JIHAD bukanlah perkara yang menakutkan atau menyeramkan. Juga tidak identik dengan kekerasan dan ekstremisme.
“Kalimatullah hiyal ‘ulya”
kalimat Allah yang mulia hanya bisa ditegakkan dengan jihad di jalan Allah yang
tidak boleh putus. Karena jihad merupakan puncak amal ibadah setiap Muslim
kepada Allah.
Kata “jihad” berasal
dari akar kata jahada, yujahidu, jihad, yang artinya bekerja keras, berikhtiar
dan mengusahakan sesuatu sekuat tenaga dan maksimal.
Seorang prajurit disebut
mujahid karena ia berjuang sekuat tenaga mengorbankan waktu, pikiran, keluarga
bahkan jiwa demi melaksanakan tugas maha berat di medan pertempuran.

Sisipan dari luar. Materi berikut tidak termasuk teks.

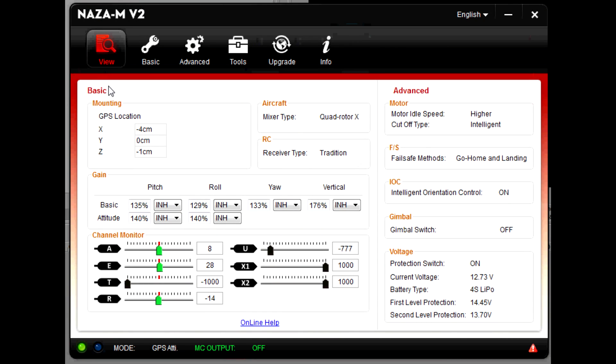Here's what's actually going on with the gains on my NAZA. I'm using the V2 program — that doesn't really matter though, it does interface with the V1. My GPS is mounted to the frame, which is why those values are lower than they would be with a stick mount. My basic gains: pitch is 135, which is just below where it starts to oscillate. Roll is 129 — I could go a little higher, but that would make it correct too fast and make the video look too twitchy. Yaw is 133 — any faster and the video will look nasty. The vertical gains have to be high because of the way the craft is set up with the center of gravity axial to the center of thrust — it tends to oscillate in its own rotor wash during descent if those values are not high enough.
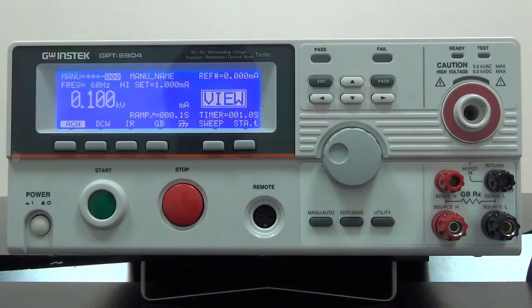Good day. This demonstration is a brief operational introduction for GPT-9800 and 9900 safety tester. The equipment we are going to use for this demonstration is one GPT-9904, which is a 500VA and 4-in-1 safety tester.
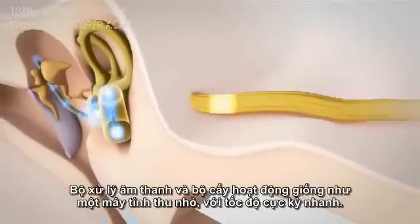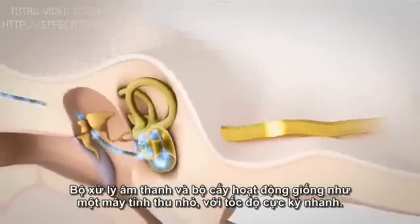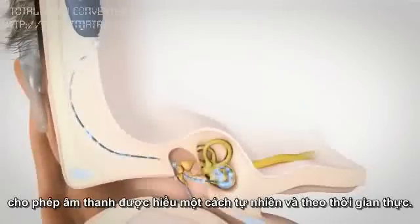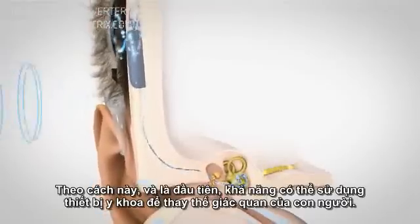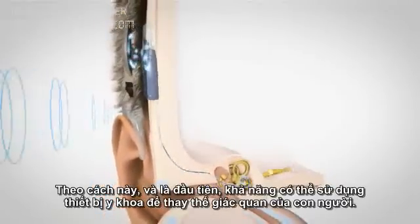The audio processor and the implant work like an extremely fast miniature computer. They are constantly processing an immense amount of acoustic data, allowing the sound to be perceived naturally and in real time. In this way, and for the first time, it is possible to use a medical device to replace a human sense.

Di sisi
lain jihad juga merupakan akar kata “ijtihad dan mujtahid”. Bahkan antara
“mujahid” dan “mujtahid” hanya berbeda satu huruf “t” saja.
Seseorang disebut
“mujtahid” karena ia bekerja keras seoptimal mungkin untuk memahami nash-nash
Al-Quran dan As-Sunnah dengan mengaplikasikannya terhadap segenap fenomena
sosial, ekonomi, budaya dan persoalan lain yang muncul dari waktu ke waktu.
Kata “jihad” juga dapat
berasal dari akar kata jahd yang berarti letih atau sukar.
Dalam praktiknya, memang
demikianlah, secara nafsu, jihad memang penuh dengan kesulitan, keletihan, dan
kesukaran. Tetapi secara iman, tentu saja jihad walau bagaimanapun merupakan
kenikmatan dan kebahagiaan.
Jihad merupakan puncak
perkara perjuangan hidup, seperti disebutkan dalam hadits Mu’adz Radhiyallahu
‘Anhu:
Artinya: “Pokok perkara
adalah Islam, tiangnya adalah shalat, dan puncak perkaranya adalah jihad.” (HR
Ay-Tirmidzi).
Termasuk dari bagian
jihad adalah membebaskan saudara-saudara kita di Palestina yang masih terjajah
Zionis Israel. Juga saudara-saudara kita yang memerlukan pertolongan, mereka
yang tertawan, mereka yang di pengungsian, dan mereka yang terzalimi.
Banyak dari
saudara-saudara kita yang memerlukan jihad kita, seperti mereka yang terkepung
di Jalur Gaza, mereka yang di daerah konflik Suriah dan Irak, serta mereka yang
tertindas seperti Muslim Rohingya.
Dalam hal ini,
Rasulullah Shallallahu ‘Alaihi Wasallam bersabda:
Artinya : “Bebaskan
orang yang sedang tertawan, berikanlah makan kepada orang yang sedang
kelaparan, dan jenguklah orang sedang sakit”. (HR Bukhari).
Dan, kalau sampai
seorang Muslim meninggalkan jihad karena takut ekonomi, waktu dan jiwa, maka
justru kefakiranlah akibatnya.
Dalam hal ini Rasulullah
Shallallahu ‘Alaihi Wasalkam menyatakan:
Artinya : “Tidaklah
suatu kaum meninggalkan jihad fie sabilillah, melainkan Allah timpakan
kefakiran terhadap mereka.” (HR Ibnu ‘Asakir).
Termasuk jihad yang
sangat penting pada era informasi adalah menjadi jurnalis Muslim yang membawa
misi keadilan, menyampaikan kebenaran, menyebarkan kebaikan dan melawan segala
kemungkaran.
Semoga kita termasuk
dalam barisan jihad di jalan Allah, dan menjadi bagian dari meninggikan kalimat
Allah, semaksimal mungkin yang bisa kita kerjakan. Aamiin.[Ali
Farkhan Tsani | Mirajnews]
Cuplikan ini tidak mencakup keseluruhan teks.